Aaron’s story wasn’t much different, except he’d wound up at the Judge Harwood Brown Boys’ Ranch, a place built and run by Quinn and several other guys who’d been boys in trouble themselves way back when and had been saved by old Judge Brown. When Aaron turned eighteen, Quinn had encouraged him to go to college, but he’d known college wasn’t for him. He wasn’t stupid, but he was no Einstein either. He made Quinn understand that he didn’t have the smarts for college. He’d been working for Quinn as his chauffeur and all-around gofer ever since. The pay was good, the benefits great.
Jace, another Judge Harwood Brown Boys’ Ranch alumnus, had been working for Quinn for the past year. He was a pretty kid, with hazel eyes and curly sandy brown hair that he kept short to control the curls, but Jace’s story wasn’t a pretty one. He’d admitted that he had been molested by a priest when he was twelve, which had screwed him up pretty bad. And it didn’t help that he’d grown up without a dad and had lost his mother, too, only a couple of years ago.
“I’ve booked us flights for tomorrow morning,” Marcy said. “And I’ve lined up a four-bedroom house and a rental car. I’m hoping the police will clear this up pretty quickly and we can all head home in a few days, but—”
“Aaron, who was at the door?” Wearing only his rumpled shirt, Gala stopped dead still in the doorway between the bedroom and living room. “Oops. Sorry.”

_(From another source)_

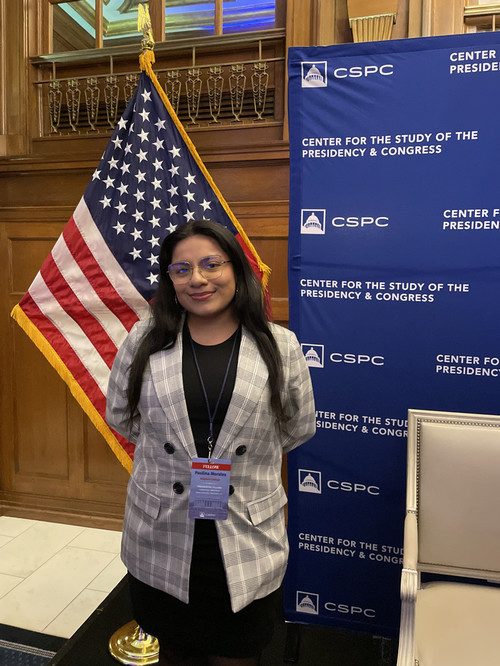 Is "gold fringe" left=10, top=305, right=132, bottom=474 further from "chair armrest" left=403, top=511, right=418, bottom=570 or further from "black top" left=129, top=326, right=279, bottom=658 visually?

“We…er…we were just leaving.” Marcy started backing toward the door.
“Don’t leave on my account,” Gala said. “Stick around. I was just going to order pizza.”
Marcy looked directly at Aaron. “Jace will pick you up at eight-thirty in the morning. Be ready.”
“No problem,” Aaron told her.
“Quinn’s counting on us, man,” Jace said, eyeing Gala disapprovingly. “We can’t let him down.”
“I get it, okay,” Aaron said. “I’ll be ready to go at eight-thirty in the morning.”
As much as Aaron admired and respected Quinn, he wasn’t in love with the guy like Marcy was nor did he worship the man the way Jace did. But he’d cut off his right arm before he’d let Quinn down.
“Let’s look at this rationally,” Griffin Powell said. “I can’t take on each of you individually as clients for obvious reasons, even if I assigned one of my employees to handle the case for one of you. However, if you two could work together, you could hire me jointly. After all, I assume you both want the same thing—to discover the identity of Lulu Vanderley’s murderer and see him brought to justice.”